Augmented Shadow Face in the Wild (ASFW)

Updated 3 February 2026

Augmented Shadow Face in the Wild (ASFW) is a real-world benchmark with 1,081 paired images offering accurate shadow and shadow-free comparisons for facial restoration.
It employs a bidirectional, Photoshop-based four-stage workflow to synthesize realistic shadows, bridging the gap between synthetic and real-world data.
The accompanying FSE framework, a three-stage neural network, delivers state-of-the-art results with notable improvements in PSNR and SSIM metrics.

Augmented Shadow Face in the Wild (ASFW) constitutes the first large-scale real-world benchmark for facial shadow removal, comprising 1,081 paired images of real faces—each pair consisting of a shadowed and a pixel-aligned shadow-free version. Constructed via a professional and bidirectional manual process in Adobe Photoshop, ASFW exhibits diverse and photorealistic shadow types as well as accurate ground truth for shadow removal tasks. The dataset bridges the synthetic–real domain gap found in previous benchmarks and enables rigorous evaluation of facial shadow removal algorithms. Its utility is demonstrated through the introduction of the Face Shadow Eraser (FSE), a multi-stage neural framework that attains state-of-the-art results in both quantitative and qualitative assessment on challenging real-world conditions (Luo et al., 27 Jan 2026).

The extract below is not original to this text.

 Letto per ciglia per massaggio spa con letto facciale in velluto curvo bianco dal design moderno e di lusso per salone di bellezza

1. Dataset Composition and Construction

1.1 Paired Samples and Usage

ASFW comprises 1,081 real-world facial image pairs, each containing a shadowed photo and its meticulously aligned shadow-free counterpart. In comparative experiments, ASFW is used solely as a single, held-out test split—no explicit train/val/test partitions are defined within the dataset, emphasizing its role as an evaluation benchmark.

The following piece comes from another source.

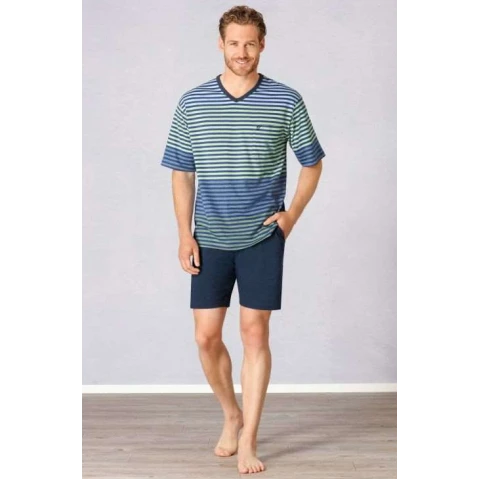 Hajo Shortama V Hals | Blauw Groen Strepen | www.pietkoopmans.nl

1.2 Photoshop-Based Four-Stage Bidirectional Workflow

ASFW is generated using a manual, bidirectional, four-stage pipeline in Adobe Photoshop:

Shadow Synthesis: Artificial shadows are added to originally shadow-free images, with controlled brush flow (10–30%) and opacity (15–45%) settings to accurately mimic the softness and transitions of real facial shadows. Shadows are mapped in accordance with three-dimensional facial landmarks (e.g., nasal bridge, orbital areas, zygomatic arches). Shadow edges are rendered using dual diameters (hard: 5–15 px, soft: 25–50 px) with pressure-sensitive opacity, and diversity is further introduced by simulating occlusions from hair, hats, hands, and micro-shadows from skin details (wrinkles, pores).
Shadow Removal: The shadow-free counterparts are created via lasso-based segmentation with adaptive feathering, followed by local brightness and color correction with feathered masks to eliminate halos. Edge artifacts are addressed using the Spot Healing Brush with content-aware sampling, and skin texture is restored using Content-Aware Fill, Clone Stamp, and Mixer Brush.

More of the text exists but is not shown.